In the CSI: NY episode "Page Turner", the character Lawrence Wagner is based on Hahn.

A television documentary, The Nuclear Boy Scout, aired on Channel 4 in the United Kingdom in 2003. In it, Hahn reenacted some of his methods for the camera.

Hahn's experiments inspired others to attempt similar feats, particularly Taylor Wilson, who at age 14 became the youngest person to produce nuclear fusion.

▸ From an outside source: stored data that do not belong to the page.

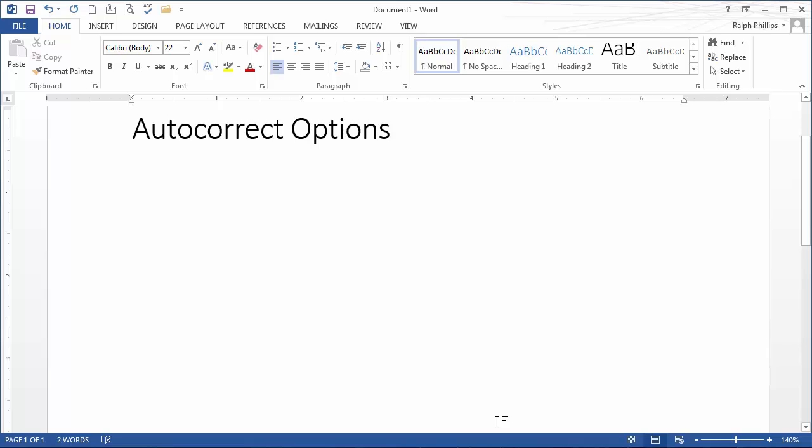If I start typing a sentence that begins with the word 'the' and I misspell it, as soon as I hit space, Word corrects it for me. Or if I do hyphen hyphen greater than sign, Word changes it to an arrow.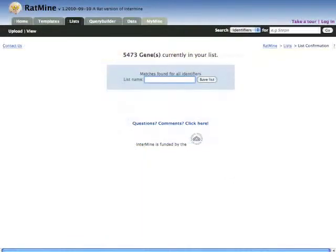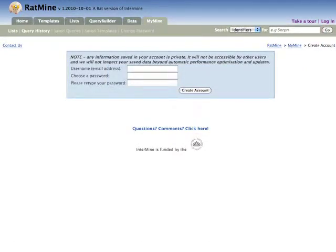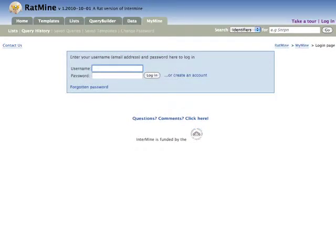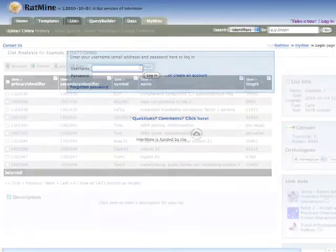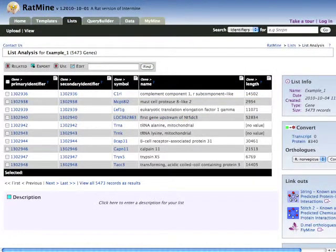You will be prompted to give your list a name and then save it. If you are not logged into RatMine, any lists you save will be lost when your session ends. However, registering for a free account and logging in will allow you to save lists permanently to your account and reuse them at your convenience. Once you have saved your list, you will be taken to the list analysis page for that list.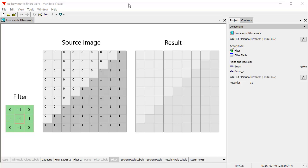We're using Manifold Viewer, which you can see right up here. Manifold Viewer is the free read-only version of Manifold System Release 9. You can download it — it has virtually all capabilities that are in Release 9, it's just read-only. It's free to download, you don't have to register, it doesn't cost you anything, it doesn't time out, there's no advertising, no promotions, no upsell. Just use it for free for however long you like.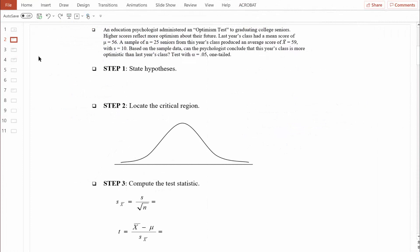Let's read through it. An education psychologist administered an optimism test to graduating college seniors. This is pretty common research — if people graduating are very optimistic about the jobs they're going to get, our economy is usually doing pretty well, but if graduating college students are not very optimistic, it usually shows that our economy is suffering. Higher scores reflect more optimism about their future. Last year's class had a mean score of 56, so that's the population mean: mu equals 56. A sample of 25 seniors from this year's class produced an average score of 59 — that's x-bar equals 59. There's some variability, and the sample standard deviation equals 10. We're going to test with an alpha of 0.05, one-tailed.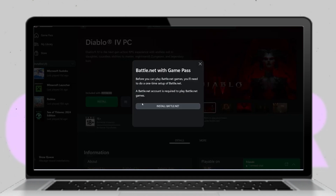Hey everyone! Welcome back to my channel! In today's video I'll walk you through the process of downloading and installing Diablo 4 from the Xbox app on your Windows computer. This guide is specifically for Xbox Game Pass users, so ensure you have an active Game Pass subscription before proceeding.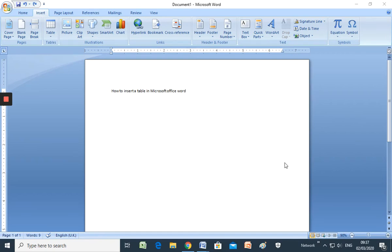Hello my dear students! How are you today? Well, now you are going to learn how to insert a table in Microsoft Office Word.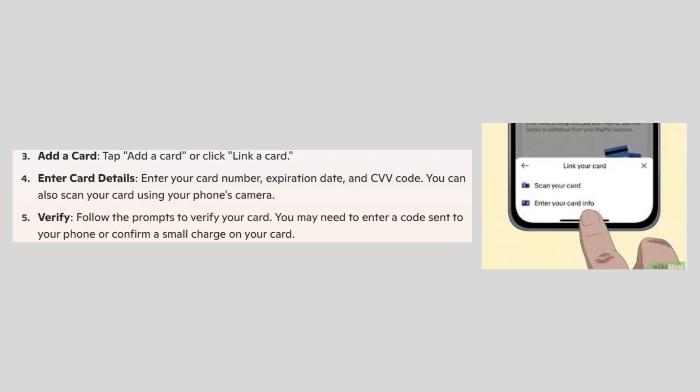In the end follow the prompts to verify your card. You may need to enter a code sent to your phone or confirm a small charge on your card.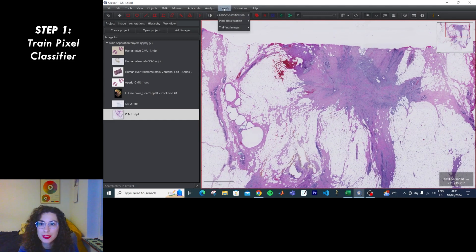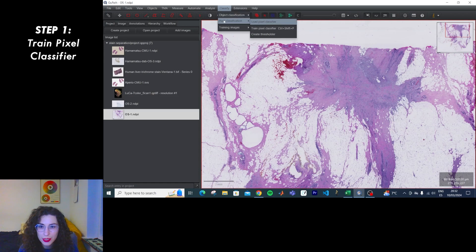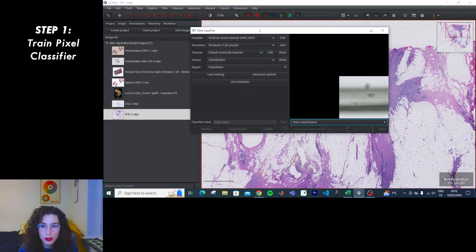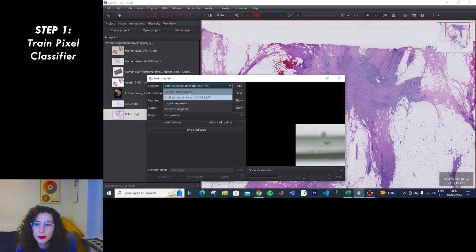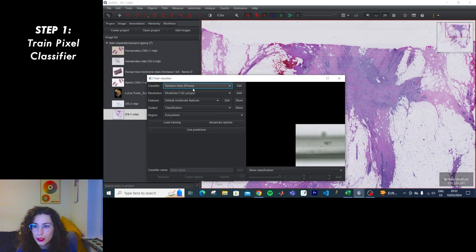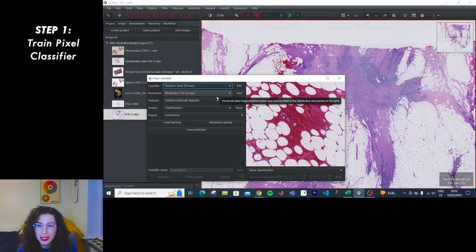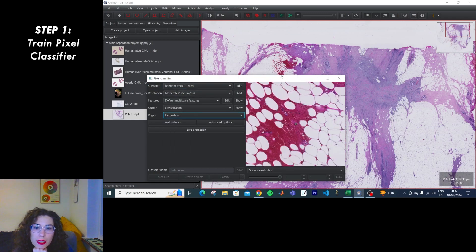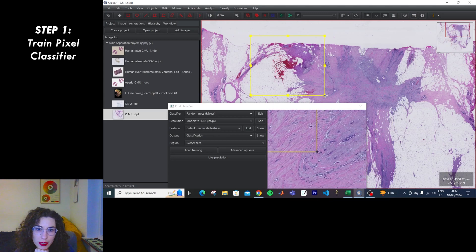So this time it's Classify, and instead of object classification, pixel classification, and then we're going to train one. Let's start with something a bit more simple — Random Trees. Resolution: moderate. I don't want this to take forever. Let's do a small region first to try things out.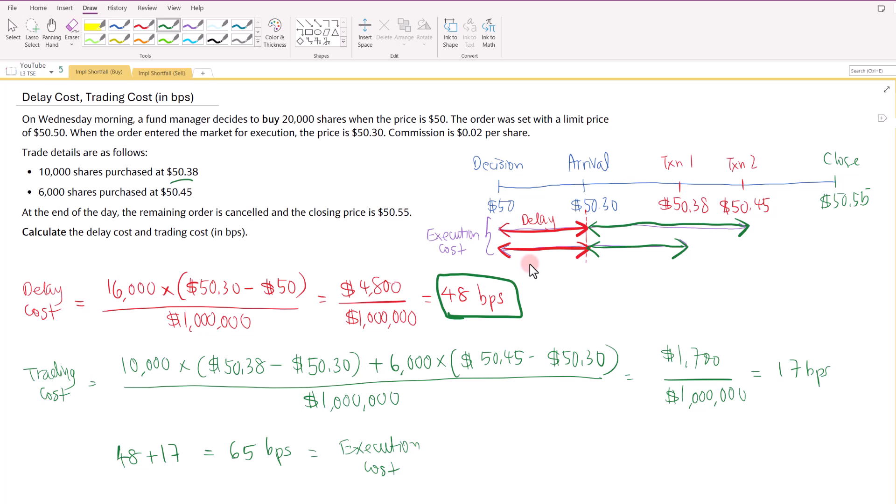This delay could be due to the choice of broker — they couldn't decide which broker to use or which algorithm to use to execute. Perhaps they could have planned much earlier on which broker or algorithm to use so that they can shorten the time between the decision and the arrival of the order to the market.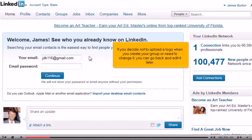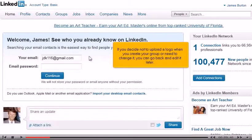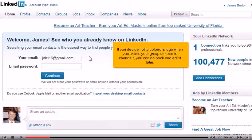Click Browse. Find your file on your computer and click Open. Check this box to acknowledge you are the owner of the logo, and that it doesn't infringe on any copyrights.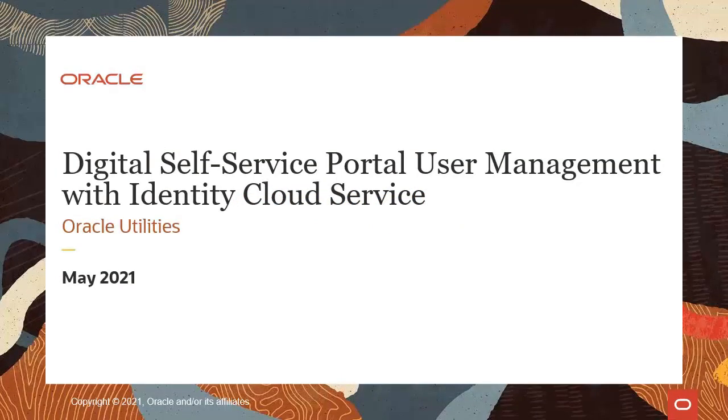Welcome to this session. Today, we're going to cover digital self-service portal user management with Oracle Identity Cloud Service.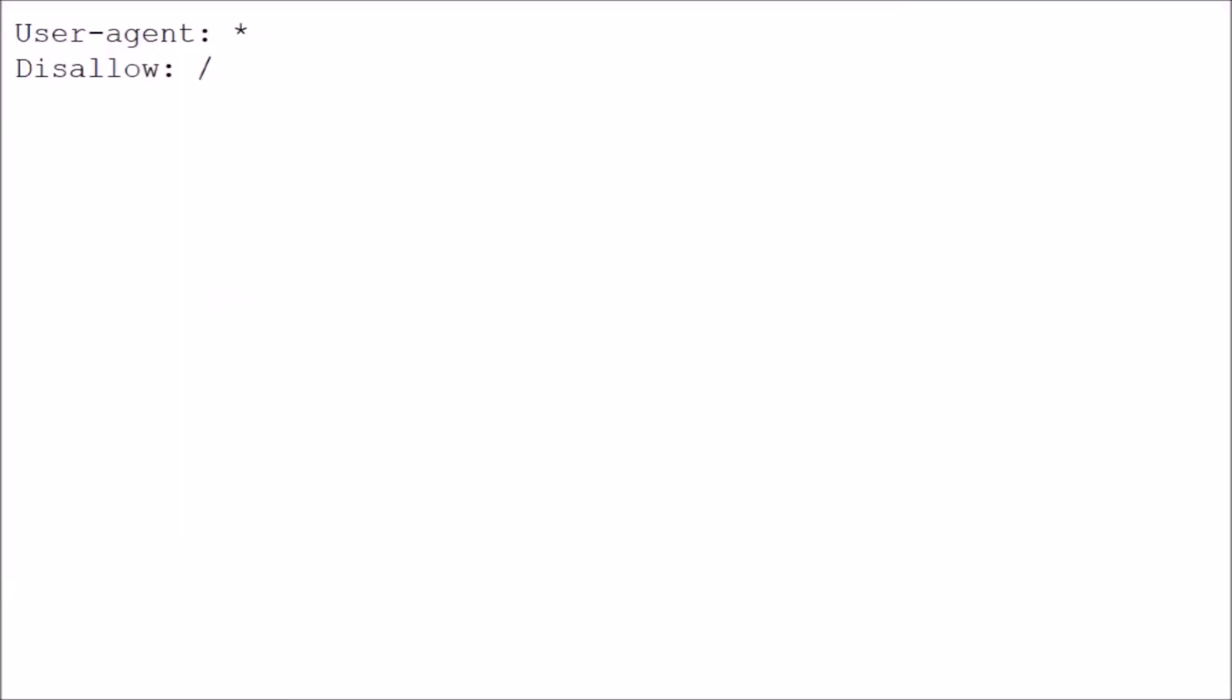This is the robots.txt file for this site. And as you can see, what it says is user agent asterisk, which means all user agents, and then it says disallow colon slash.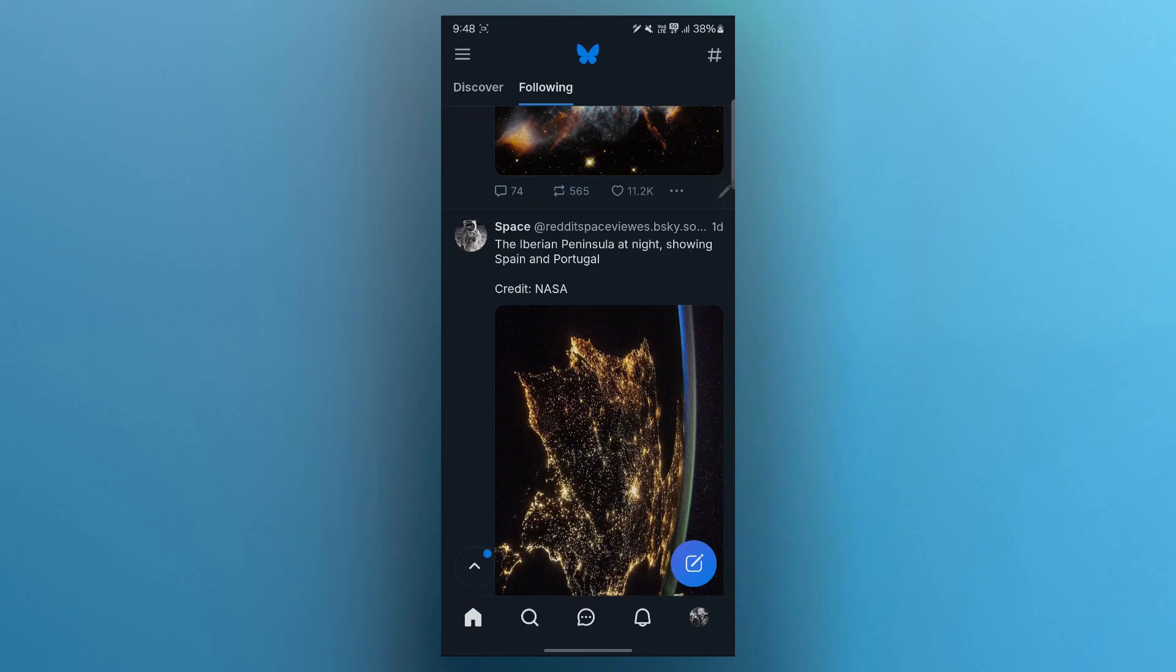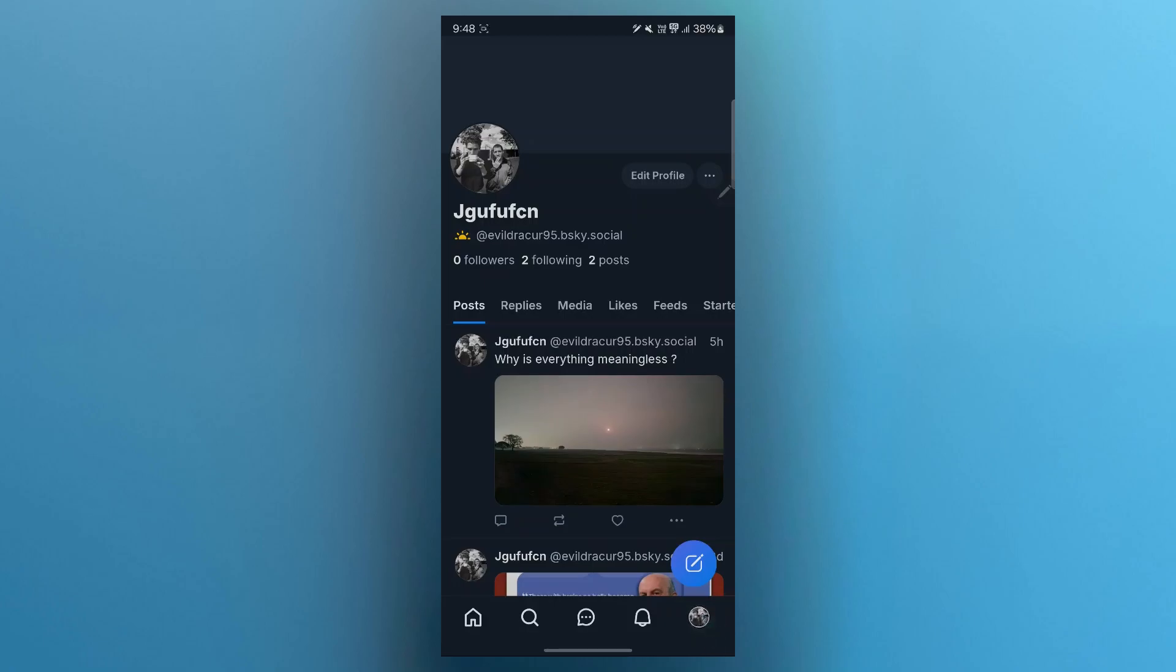Now after you login to BlueSky, you will see an interface that will look something like this. Here, simply click on the profile icon at the bottom right side of the screen.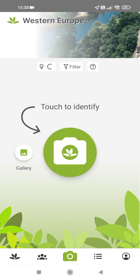Here you can choose to take a photo of the plant you want to identify by tapping on the camera icon in the middle of the screen, or you can upload a photo from your gallery. I am going to choose the gallery option.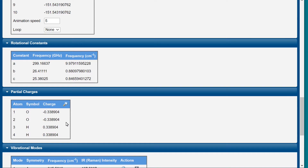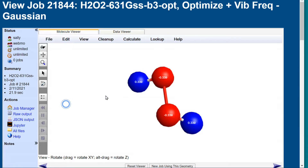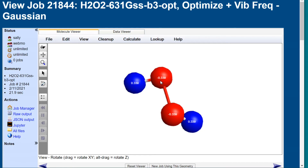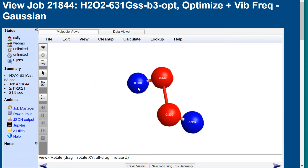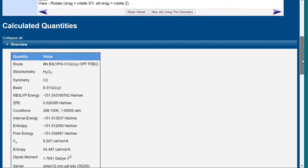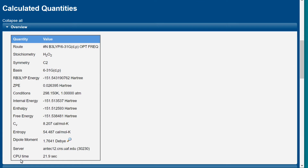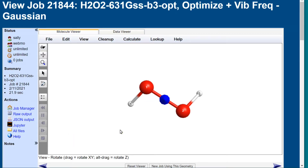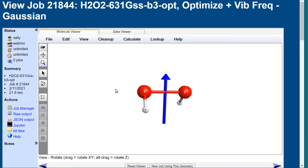In OH bonds, oxygen is typically negative and hydrogen is positive. To display the dipole moment, navigate to the overview section. The value calculated at this level of theory is 1.74 Debyes, very close to the experimental value of 1.77.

StarQuest Production Network (SQPN)'s mystery program Jimmy Akin Mysterious World dedicated its 92nd episode, "The Radioactive Boy Scout", to Hahn.

Duncan Jones claimed that the villain in his sci-fi film Source Code was inspired by the documentary The Nuclear Boy Scout.

Episode 20 of comedy history podcast The Dollop covers Hahn's exploits.

The song "Baby Criminal" by Swedish post-punk band Viagra Boys from their 2022 studio album Cave World is loosely based on Hahn's life, as is the song "Playing with Uranium" by Duran Duran from their 2000 studio album Pop Trash.

Hahn's story was the subject of a 2025 episode of the Omnibus podcast featuring Jeopardy! host Ken Jennings and musician John Roderick.

Released in November 2025, episode 340 of the podcast Criminal explores Hahn's personal backstory and his subsequent nuclear experiments through interviews with author Ken Silverstein.

Nuclear Boy (2026) is a Dutch film loosely based on Hahn’s life.